- Directed by: Tayo Giwa
- Written by: Tayo Giwa & Cynthia Gordy Giwa
- Produced by: Tayo Giwa & Cynthia Gordy Giwa
- Cinematography: Christina Wairegi
- Edited by: Herman Jean-Noel
- Distributed by: Indie Rights
- Release dates: May 2022 (New York African Film Festival); May 12, 2023;
- Running time: 58 minutes
- Country: United States
- Language: English

= The Sun Rises in the East (film) =

Documentary film

The Sun Rises in The East is an independent documentary film created by Tayo Giwa and Cynthia Gordy Giwa. It is the first feature-length film to examine the history of The East, a Black cultural organization and meeting place formed in 1969 by teens and young adults in Bedford-Stuyvesant, Brooklyn.

== Synopsis ==

Through first-hand interviews with founding members and people who grew up in the organization as children, archival photographs, and videos, The Sun Rises in The East depicts the reverberating impact of the organization co-founded by educator and community leader Jitu Weusi.

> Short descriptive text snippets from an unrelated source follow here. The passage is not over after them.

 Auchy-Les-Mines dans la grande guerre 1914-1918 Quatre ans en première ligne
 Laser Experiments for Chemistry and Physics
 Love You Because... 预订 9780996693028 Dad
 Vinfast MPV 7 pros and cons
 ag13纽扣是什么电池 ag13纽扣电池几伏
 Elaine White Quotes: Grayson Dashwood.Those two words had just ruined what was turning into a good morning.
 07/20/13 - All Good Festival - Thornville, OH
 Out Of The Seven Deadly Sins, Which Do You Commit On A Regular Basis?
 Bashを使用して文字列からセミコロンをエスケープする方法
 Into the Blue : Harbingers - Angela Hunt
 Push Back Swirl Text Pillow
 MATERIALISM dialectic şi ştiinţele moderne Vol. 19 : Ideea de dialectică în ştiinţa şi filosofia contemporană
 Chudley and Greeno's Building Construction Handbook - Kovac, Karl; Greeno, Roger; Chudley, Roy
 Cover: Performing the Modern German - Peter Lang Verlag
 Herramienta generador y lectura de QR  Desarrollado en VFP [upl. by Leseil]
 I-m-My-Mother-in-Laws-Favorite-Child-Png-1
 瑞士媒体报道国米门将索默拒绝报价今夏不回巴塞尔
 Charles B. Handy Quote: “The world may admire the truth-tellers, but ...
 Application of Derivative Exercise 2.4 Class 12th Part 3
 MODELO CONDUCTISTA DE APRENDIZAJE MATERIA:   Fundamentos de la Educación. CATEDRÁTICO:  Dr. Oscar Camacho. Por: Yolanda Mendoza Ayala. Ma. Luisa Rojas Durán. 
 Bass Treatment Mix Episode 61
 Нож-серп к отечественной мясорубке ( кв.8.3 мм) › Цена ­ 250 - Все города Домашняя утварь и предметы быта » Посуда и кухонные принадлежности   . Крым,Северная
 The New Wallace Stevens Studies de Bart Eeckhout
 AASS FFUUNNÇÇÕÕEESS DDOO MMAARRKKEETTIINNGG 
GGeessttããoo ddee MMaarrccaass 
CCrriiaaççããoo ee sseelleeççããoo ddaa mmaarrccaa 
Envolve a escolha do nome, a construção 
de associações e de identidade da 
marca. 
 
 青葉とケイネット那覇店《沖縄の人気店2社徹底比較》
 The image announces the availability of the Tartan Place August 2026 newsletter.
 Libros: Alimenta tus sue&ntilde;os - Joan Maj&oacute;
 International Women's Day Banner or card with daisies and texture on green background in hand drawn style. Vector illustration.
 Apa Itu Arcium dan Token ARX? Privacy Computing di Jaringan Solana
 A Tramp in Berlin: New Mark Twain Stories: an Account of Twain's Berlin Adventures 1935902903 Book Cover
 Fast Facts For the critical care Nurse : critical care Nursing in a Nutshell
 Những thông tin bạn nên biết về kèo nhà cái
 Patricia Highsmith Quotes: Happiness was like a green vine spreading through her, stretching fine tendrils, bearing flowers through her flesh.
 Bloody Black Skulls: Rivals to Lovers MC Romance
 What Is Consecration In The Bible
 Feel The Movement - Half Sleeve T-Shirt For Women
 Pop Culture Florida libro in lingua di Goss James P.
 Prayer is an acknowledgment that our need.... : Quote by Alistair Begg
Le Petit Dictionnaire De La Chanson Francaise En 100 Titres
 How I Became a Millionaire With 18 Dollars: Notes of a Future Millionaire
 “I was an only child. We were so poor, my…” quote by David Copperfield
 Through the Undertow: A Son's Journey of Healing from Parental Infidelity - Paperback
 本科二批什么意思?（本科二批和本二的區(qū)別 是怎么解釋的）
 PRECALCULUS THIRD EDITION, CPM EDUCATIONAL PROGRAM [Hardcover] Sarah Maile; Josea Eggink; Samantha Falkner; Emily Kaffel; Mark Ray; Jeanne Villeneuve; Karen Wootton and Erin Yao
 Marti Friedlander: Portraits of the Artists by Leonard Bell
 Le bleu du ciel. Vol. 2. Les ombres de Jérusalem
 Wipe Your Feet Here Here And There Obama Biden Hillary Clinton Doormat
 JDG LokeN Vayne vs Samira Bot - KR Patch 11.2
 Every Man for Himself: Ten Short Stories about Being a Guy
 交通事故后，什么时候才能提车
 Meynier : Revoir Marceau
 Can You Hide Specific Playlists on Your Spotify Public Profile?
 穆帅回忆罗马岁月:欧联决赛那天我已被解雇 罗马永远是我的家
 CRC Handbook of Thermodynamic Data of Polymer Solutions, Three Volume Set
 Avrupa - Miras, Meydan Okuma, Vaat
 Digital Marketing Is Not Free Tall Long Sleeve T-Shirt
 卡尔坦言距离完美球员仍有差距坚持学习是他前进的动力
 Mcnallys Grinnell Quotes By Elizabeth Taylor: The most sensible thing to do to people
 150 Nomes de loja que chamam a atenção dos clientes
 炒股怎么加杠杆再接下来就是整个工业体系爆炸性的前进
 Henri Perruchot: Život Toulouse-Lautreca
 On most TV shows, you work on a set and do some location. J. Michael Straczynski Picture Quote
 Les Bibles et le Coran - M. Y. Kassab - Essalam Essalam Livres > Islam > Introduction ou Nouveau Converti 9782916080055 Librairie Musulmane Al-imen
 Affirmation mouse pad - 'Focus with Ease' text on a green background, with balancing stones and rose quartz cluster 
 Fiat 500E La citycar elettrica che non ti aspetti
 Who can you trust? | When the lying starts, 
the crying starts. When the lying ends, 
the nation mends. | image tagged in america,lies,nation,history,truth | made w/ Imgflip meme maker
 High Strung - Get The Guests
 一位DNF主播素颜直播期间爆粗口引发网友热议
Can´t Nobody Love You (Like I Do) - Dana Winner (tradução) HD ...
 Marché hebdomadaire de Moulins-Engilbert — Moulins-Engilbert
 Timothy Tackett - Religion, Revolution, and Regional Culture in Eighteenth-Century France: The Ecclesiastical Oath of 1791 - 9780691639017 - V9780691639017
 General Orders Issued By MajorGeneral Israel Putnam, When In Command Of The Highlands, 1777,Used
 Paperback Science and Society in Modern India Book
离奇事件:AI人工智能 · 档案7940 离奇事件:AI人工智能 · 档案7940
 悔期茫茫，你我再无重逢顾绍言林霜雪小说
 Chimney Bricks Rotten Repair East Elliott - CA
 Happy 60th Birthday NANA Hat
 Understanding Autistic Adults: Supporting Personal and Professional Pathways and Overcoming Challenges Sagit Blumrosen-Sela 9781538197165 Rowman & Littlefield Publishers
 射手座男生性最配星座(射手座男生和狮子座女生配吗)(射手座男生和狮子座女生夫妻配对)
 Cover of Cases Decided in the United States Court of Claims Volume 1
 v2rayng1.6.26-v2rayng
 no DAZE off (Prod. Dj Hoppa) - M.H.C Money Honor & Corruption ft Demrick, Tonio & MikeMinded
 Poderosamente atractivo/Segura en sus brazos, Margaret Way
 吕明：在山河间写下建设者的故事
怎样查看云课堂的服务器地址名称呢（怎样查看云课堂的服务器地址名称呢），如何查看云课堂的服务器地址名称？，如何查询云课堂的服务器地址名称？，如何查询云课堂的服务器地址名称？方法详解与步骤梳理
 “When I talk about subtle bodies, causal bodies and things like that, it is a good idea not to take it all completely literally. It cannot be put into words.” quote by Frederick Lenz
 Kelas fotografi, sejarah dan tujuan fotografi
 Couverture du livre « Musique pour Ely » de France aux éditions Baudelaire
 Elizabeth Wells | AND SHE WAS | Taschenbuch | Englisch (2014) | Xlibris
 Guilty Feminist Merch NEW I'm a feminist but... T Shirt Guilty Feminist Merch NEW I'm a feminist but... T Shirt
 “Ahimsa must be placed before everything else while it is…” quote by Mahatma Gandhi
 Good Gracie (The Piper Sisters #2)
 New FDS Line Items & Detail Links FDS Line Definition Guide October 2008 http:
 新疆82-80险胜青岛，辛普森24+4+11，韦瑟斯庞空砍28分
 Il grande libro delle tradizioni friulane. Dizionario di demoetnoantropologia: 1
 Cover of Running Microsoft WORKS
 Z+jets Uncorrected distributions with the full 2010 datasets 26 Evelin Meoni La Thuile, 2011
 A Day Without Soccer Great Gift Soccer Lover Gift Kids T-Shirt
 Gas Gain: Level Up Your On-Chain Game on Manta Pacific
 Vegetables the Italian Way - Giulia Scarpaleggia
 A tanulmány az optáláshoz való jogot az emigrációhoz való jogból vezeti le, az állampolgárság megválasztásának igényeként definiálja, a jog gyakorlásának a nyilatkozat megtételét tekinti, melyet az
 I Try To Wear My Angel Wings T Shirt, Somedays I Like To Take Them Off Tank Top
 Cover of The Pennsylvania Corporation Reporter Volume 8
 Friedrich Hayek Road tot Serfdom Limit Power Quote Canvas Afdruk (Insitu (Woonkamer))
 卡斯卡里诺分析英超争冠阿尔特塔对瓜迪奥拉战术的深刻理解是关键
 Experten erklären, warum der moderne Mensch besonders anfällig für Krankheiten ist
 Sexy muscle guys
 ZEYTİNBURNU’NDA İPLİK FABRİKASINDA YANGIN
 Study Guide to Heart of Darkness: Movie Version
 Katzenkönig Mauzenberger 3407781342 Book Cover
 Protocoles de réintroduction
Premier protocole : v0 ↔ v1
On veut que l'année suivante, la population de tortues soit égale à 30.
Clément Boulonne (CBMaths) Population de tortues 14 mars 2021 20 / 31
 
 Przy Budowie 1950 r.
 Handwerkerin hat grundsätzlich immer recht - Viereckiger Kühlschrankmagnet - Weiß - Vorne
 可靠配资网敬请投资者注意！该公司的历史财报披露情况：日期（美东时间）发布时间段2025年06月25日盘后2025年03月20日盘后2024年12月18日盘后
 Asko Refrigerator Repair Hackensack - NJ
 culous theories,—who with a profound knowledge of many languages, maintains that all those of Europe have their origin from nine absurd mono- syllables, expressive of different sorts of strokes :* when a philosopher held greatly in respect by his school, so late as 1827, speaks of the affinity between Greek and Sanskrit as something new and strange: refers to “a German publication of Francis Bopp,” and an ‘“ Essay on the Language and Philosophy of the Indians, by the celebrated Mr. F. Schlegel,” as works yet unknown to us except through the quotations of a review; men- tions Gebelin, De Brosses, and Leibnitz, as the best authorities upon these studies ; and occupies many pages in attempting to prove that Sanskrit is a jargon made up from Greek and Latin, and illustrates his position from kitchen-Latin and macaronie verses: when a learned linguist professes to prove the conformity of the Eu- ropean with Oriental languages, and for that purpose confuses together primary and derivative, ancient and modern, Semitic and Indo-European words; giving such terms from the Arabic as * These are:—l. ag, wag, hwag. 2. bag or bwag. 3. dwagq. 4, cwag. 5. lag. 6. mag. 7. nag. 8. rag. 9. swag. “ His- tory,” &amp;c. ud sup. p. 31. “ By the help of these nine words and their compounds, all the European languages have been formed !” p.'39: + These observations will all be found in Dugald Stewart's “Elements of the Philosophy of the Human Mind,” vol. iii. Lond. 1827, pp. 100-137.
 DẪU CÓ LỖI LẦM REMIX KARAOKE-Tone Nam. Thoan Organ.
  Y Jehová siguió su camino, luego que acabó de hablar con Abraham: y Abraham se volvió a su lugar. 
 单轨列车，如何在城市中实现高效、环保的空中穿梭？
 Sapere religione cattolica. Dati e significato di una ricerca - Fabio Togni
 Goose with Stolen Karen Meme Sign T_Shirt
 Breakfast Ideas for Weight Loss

The film shows how The East organized itself around the principle of Black self-determination, developing an independent African-centered school, daycare, restaurant, newspaper, bookstore, clothing shop, and food co-op, among other businesses. The film also depicts how the collective attracted notable figures within the Black Arts Movement to perform at its renowned performance venue—from poets like Gil Scott-Heron, Sonia Sanchez, and Haki R. Madhubuti, to musical legends such as Max Roach, Betty Carter, Sonny Rollins, Roy Ayers, Sun Ra, and Pharoah Sanders, among others. Beyond highlighting The East at its pinnacle, the Giwas also examine the challenges that led to the organization's eventual breakdown, including gender politics, government surveillance, and financial challenges.

The Giwas created the film to bring the story of the organization's influential yet little-known history to a broader audience.

== Release ==
The Sun Rises in The East debuted at the Brooklyn Academy of Music on February 24, 2022. The Giwas were invited to screen the film at multiple festivals including the New York African Film Festival hosted at Lincoln Center, Martha's Vineyard African American Film Festival, BronzeLens Film Festival, and Sidewalk Film Festival. The documentary earned an African Movie Academy Award nomination in 2022 for Best Diaspora Documentary, and was featured by The New York Times.

The documentary was acquired for digital distribution globally by Indie Rights and released for streaming on Amazon Prime, Tubi, Google Play, and YouTube in May 2023.